EU commissioner calls for better enforcement of consumer protection law


The EU's Consumer Policy Commissioner has criticised EU governments for failing to implement laws on consumer protection and the internal market.

Speaking at a debate with various EU and EEA ministers in Brussels on 18 March 2013, Tonio Borg said the EU's internal market was "only as strong as its weakest link", saying that if laws were badly implemented in one country, "the ripples are felt across the EU".

Mr Borg promoted the use of the EU's Consumer Scoreboard where countries are marked on policies including product safety, ease of cross-border shopping, role of national consumer protection authorities, and ease of redress.

The most recent scoreboard found that the best conditions for consumers were in Luxembourg, the UK, Denmark and Austria.

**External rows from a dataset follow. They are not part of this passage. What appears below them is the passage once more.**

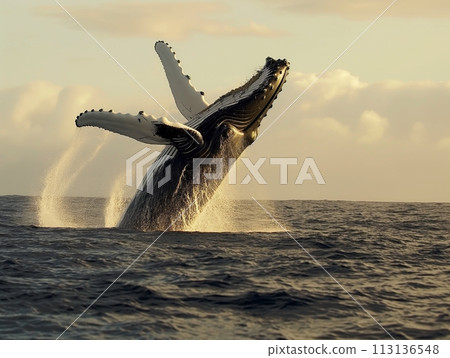 A Majestic Humpback Whale Breaching 113136548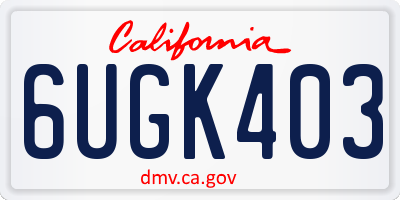 CA license plate 6UGK403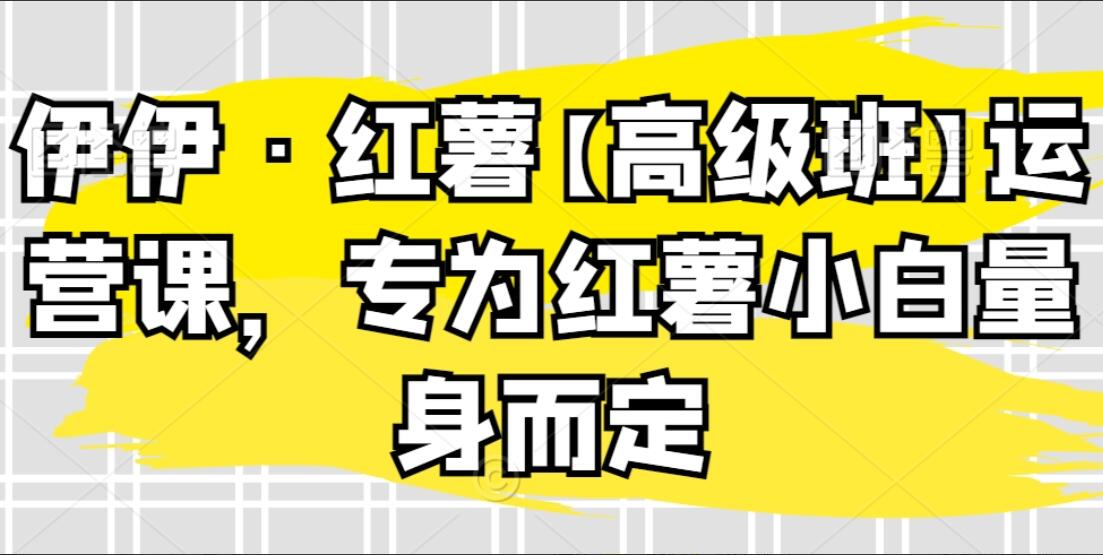 伊伊·小红书高级班运营课，专为红薯小白量身而定-吾爱学吧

Mr Borg said the scoreboard should be viewed as a "name and praise" procedure, rather than "name and shame".

He said it was "stupid" for the EU to pass consumer protection laws which are then not enforced, or enforced unevenly.

But the State Secretary to Norway's Social Inclusion Minister, Kjetil Andreas Ostling, warned that violation of EU laws was "not always a sign of bad will".

He said that EU legislators had not always made themselves popular with the volume of legislation that was passed, and said EU laws needed to be made clearer and simpler.

Although Norway is not a member of the EU, it is a member of the European Economic Area (EEA), meaning that it is part of the single market, and must therefore apply by single market rules.